«Non conta chi vota, conta chi conta i voti». La massima di Josip Stalin ci restituisce la fragilità della nostra democrazia, stando al desolante quadro che emerge dalle indagini sui brogli a Reggio Calabria. Al di là dell'ipotesi dello scambio affaristico-mafioso che aleggia sul sindaco Pd Giuseppe Falcomatà e su due consiglieri, l'inchiesta ricostruisce due distinte modalità di brogli con il solito zampino della 'ndrangheta. C'è il politico che si fa votare «conto terzi» da persone identificate «per conoscenza personale». Così, sulla parola. C'è invece il rampollo di 'ndrangheta che consegna fino a 30 schede prevotate alla scrutatrice complice, che trascrive a registro documento d'identità e numero di scheda «di soggetti talora del tutto ignari di tali operazioni», si legge nel provvedimento. Il tutto davanti ai Ros, che la intercettava in tempo reale. «Presto arriverà un certificato digital, si voterà con un pin via sms», dice al question time Paolo Emilio Russo (Fi).

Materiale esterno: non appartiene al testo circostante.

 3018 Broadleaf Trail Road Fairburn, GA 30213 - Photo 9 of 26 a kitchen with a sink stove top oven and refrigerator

Ci sono le schede già votate consegnate fuori dai seggi in cambio della scheda bianca regolarmente ricevuta e 50 o 100 euro, meccanismo più difficile da realizzare quando sono tracciate. «Metodi non troppo sofisticati - ci racconta un ex dirigente Dc - possibili solo in certi contesti». A Milano scegliersi commissari compiacenti è complesso ma è anche vero che i compensi di presidenti e scrutatori sono ridicoli per carico di lavoro e responsabilità, e questo attira interessi criminali.

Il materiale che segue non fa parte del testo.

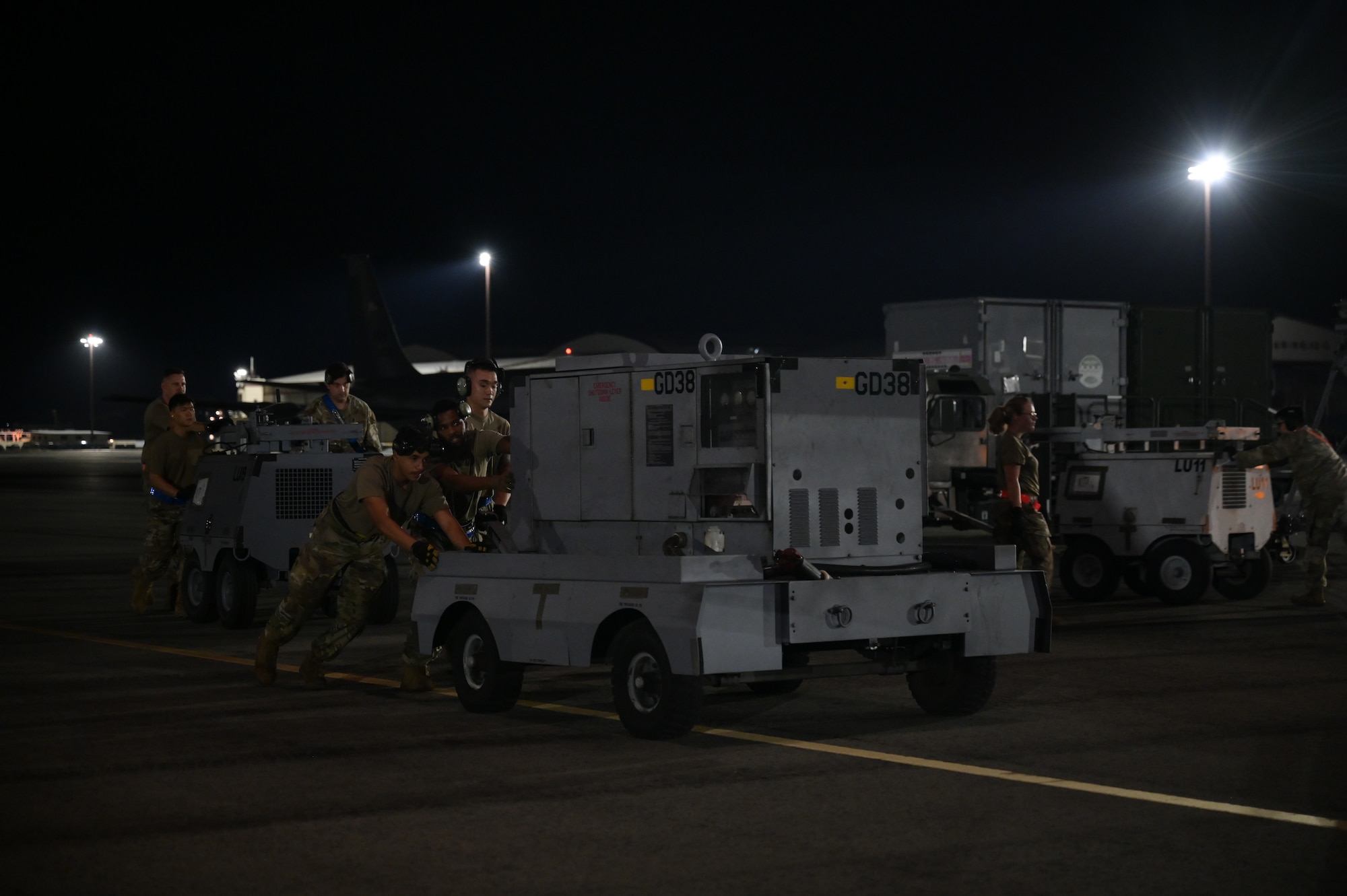 U.S. Air Force Airmen assigned to the 735th Air Mobility Squadron load cargo onto a C-17 Globemaster III during Joint Pacific Multinational Readiness Center, at Joint Base Pearl Harbor-Hickam, Hawaii, Oct. 5, 2024. The Joint Pacific Multinational Readiness Center (JPMRC) is the Army’s newest Combat Training Center (CTC) and generates readiness in the environments and conditions where our forces are most likely to operate in. JPMRC 25-01 includes training participants from across the U.S. Joint Force, and multinational Allies and partners. (U.S. Air Force photo by Staff Sgt. Alan Ricker)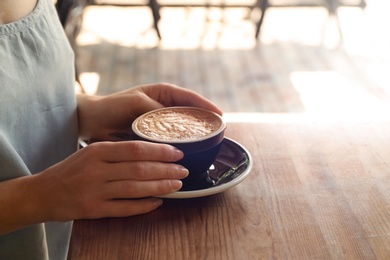 Photo of Woman with cup of fresh aromatic coffee at table, closeup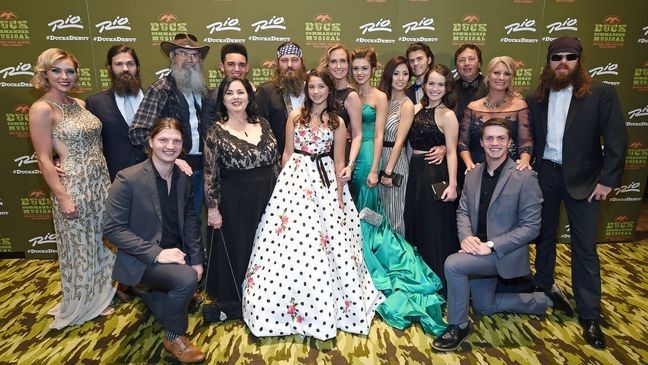 (L-R, front) Television personalities Reed Robertson, Kay Robertson, Bella Robertson and Cole Robertson, and (L-R, back) Jessica Robertson, Jep Robertson, Si Robertson, Will Robertson, Willie Robertson, Korie Robertson, Sadie Robertson, Rebecca Robertson, John Luke Robertson, Mary Kate McEacharn, Alan Robertson, Lisa Robertson and Jase Robertson (Photo by Ethan Miller/Getty Images)
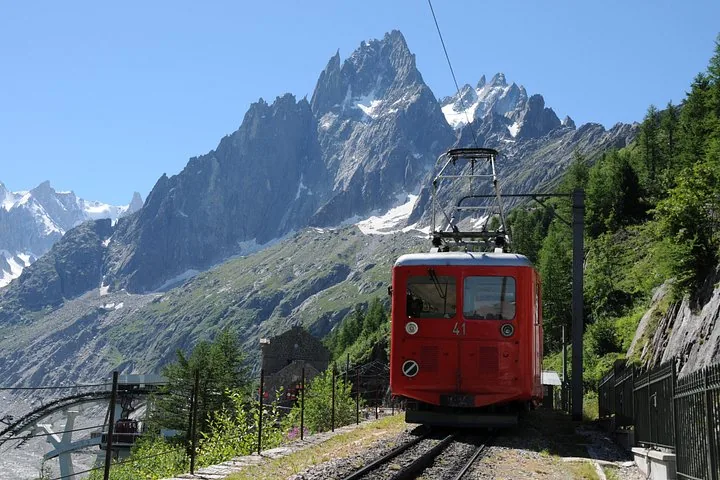 Red mountain train traveling near Monte Bianco with peaks in background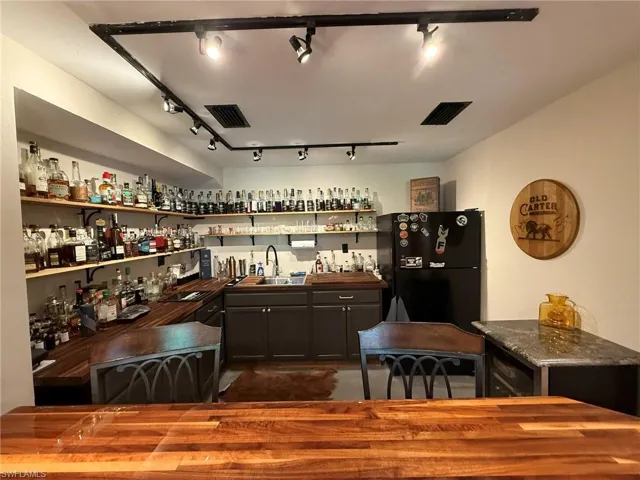 Bar featuring freestanding refrigerator, rail lighting, a sink, and wet bar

«L'incidenza dei brogli dipende molto dalla modalità di voto. Alle Europee con collegi da milioni di voti, decine di liste, tre preferenze e migliaia di seggi condizionare il voto è impossibile. Alle Politiche i controlli sono più stringenti», ma questo non ha impedito i brogli nel voto all'Estero, sia nella consegna dei plichi sia durante lo spoglio. «Certo - insiste la fonte - Alle Comunali, quando si votavano quattro preferenze con i numeri, anche 10 voti potevano fare la differenza, anche in chiave ballottaggi. Dove l'elezione dipende anche dalla coalizione che vince», ci spiega la fonte. In effetti, l'accusa dei pm è che Falcomatà si sia mosso al ballottaggio accettando l'appoggio di un dirigente Pd genero del boss di 'ndrangheta: «Mi devi dare una grossa, grossa mano», gli disse, intercettato. Dalla vittoria dipese anche l'elezione del Pd Giuseppe Sera (parente alla lontana ma del tutto estraneo a Marco Minniti). Poi c'è il problema delle trascrizioni dei voti. L'errore sul file Excel è possibile, lo dimostra anche il pasticcio di Roma: l'ex Avvenire Marco Tarquinio ha sorpassato Alessia Morani di 4mila voti dopo averla inseguita.

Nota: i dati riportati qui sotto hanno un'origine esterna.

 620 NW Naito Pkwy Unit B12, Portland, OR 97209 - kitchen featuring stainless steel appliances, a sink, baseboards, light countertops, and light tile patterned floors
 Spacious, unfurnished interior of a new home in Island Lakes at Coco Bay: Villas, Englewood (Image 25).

Di brogli si parla sin dagli anni Sessanta. «Avvengono durante lo spoglio, deve avvenire una scheda alla volta, le bianche vanno annullate con timbro e firma», ci spiega la fonte. In passato si favoleggia che le bianche sarebbero state suddivise stile Cencelli tra i rappresentanti di lista, ma non è mai stato dimostrato. Nel 2006 invece la vittoria risicata di Romano Prodi per poche migliaia di voti venne sporcata dall'ombra della «tratta delle bianche». Erano seicentomila del 1948, (il 2,3% dei votanti), salirono fino al 12% nel 2001 poi crollarono del 74,2%, passando da 1,7 milioni a 440mila, con una media sospetta, sempre compresa tra l'1% e il 2%, da Bolzano a Caltanissetta. Come se si fossero trasformate in voti contro il centrodestra. Secondo un sondaggio Ekma del 26 novembre 2006 un italiano su due ne era più che convinto, tesi opposta quella sostenuta dal Il Broglio (Aliberti Editore) scritto da giornalisti anonimi.
L'ex Pci Claudio Velardi spiegò su L'anno che doveva cambiare l'Italia la scuola di Botteghe Oscure: «Nel 1972 l'anziano militante Rubino della sezione 1° maggio, mi avviò al master mettendomi uno spezzone di matita tra il medio e l'anulare. Lo avrei utilizzato alla prima scheda bianca intercettata». Amen.